The main objective that helped navigate through the development process was to create a tool that is light-weight and robust but, at the same time, does not compromise a lot on the observed accuracy. During the research phase of this project, multiple recommended deep learning models were tested on the curated dataset, and MobileNet V1 was unanimously selected based on its performance, size requirements, and processing time. The core of this deep-learning-based tool is this pre-trained model and a custom secondary architecture.

Click here to access the fully trained model

How to use the API?

Clone this repository and download the fully trained model (https://drive.google.com/drive/folders/12iBeCIruhnmoVyBdOXMlYrn7SMRVc7zN?usp=sharing). Specify the path to the model and your constants in the "constants_api.py" file, and use the following command in the terminal: curl -X POST -F image=@Test_A001.png "http://127.0.0.1:5000/predict" Where Test_A001.png is an image you want to test and "http://127.0.0.1:5000/predict" is where the API predict method is running.

Complete Technical Documentation

In order to read more about the tool, its background, and other intricacies, kindly visit this GitHub repository.

Preliminary Performance

Based on the curated dataset, after the training phase, the training accuracy was 98.90%, the training error was 0.0346, the validation accuracy was 96.43% and the validation loss was 0.1177.

Acceptable image extensions for input

This tool currently supports major image file extensions i.e. raster image files (JPEG/JPG, PNG, and GIF).
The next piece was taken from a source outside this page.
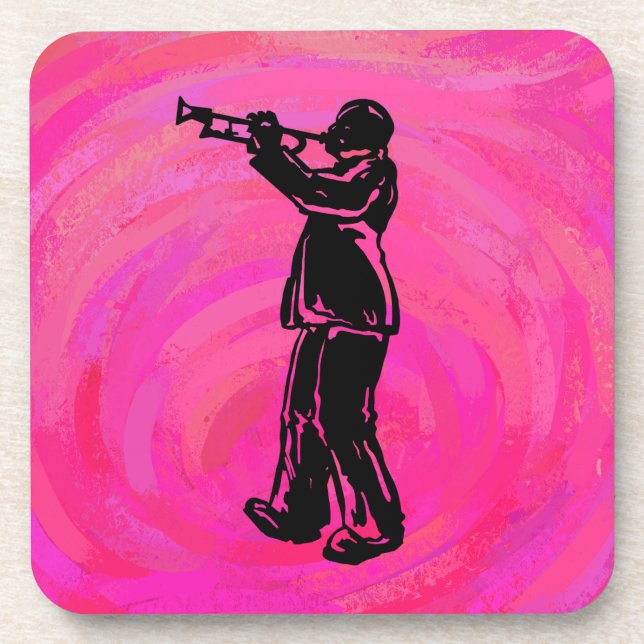 Dessous-de-verre Trumpet Boogie Nuits New York Hot rose (Devant)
Support for PSD, SVG and other vector image formats might come shortly.

Future Work

Integration with the abuse filter

Currently, this tool is under the testing stage. Once it passes this stage, it could be hooked on to the Abuse Filter tool at Wikimedia where it could preemptively flag an image that meets the profile of a content that should be filtered.

Image Annotation Tool

Currently, the label annotation tool developed by Wikimedia Labs helps users participate in the task of text annotation that helps with the training of intelligent wiki-tools based on Natural Language Processing. Future work would involve creating a similar tool that allows users to assign label(s) to images, which can then be used for bettering the image-recognition based tools (for example: this content filtration tool) at Wikimedia.

Video Content Filtration

Future versions of this tool could incorporate functionality that also accepts videos and assesses the percentage of unsafe content in them.

Categorization

This is subject to data availability. Deeper categories could be introduced (for example: why is a particular content marked unsafe?) or category-based tags could be assigned to each user input (for images that might have been marked unsafe for multiple reasons).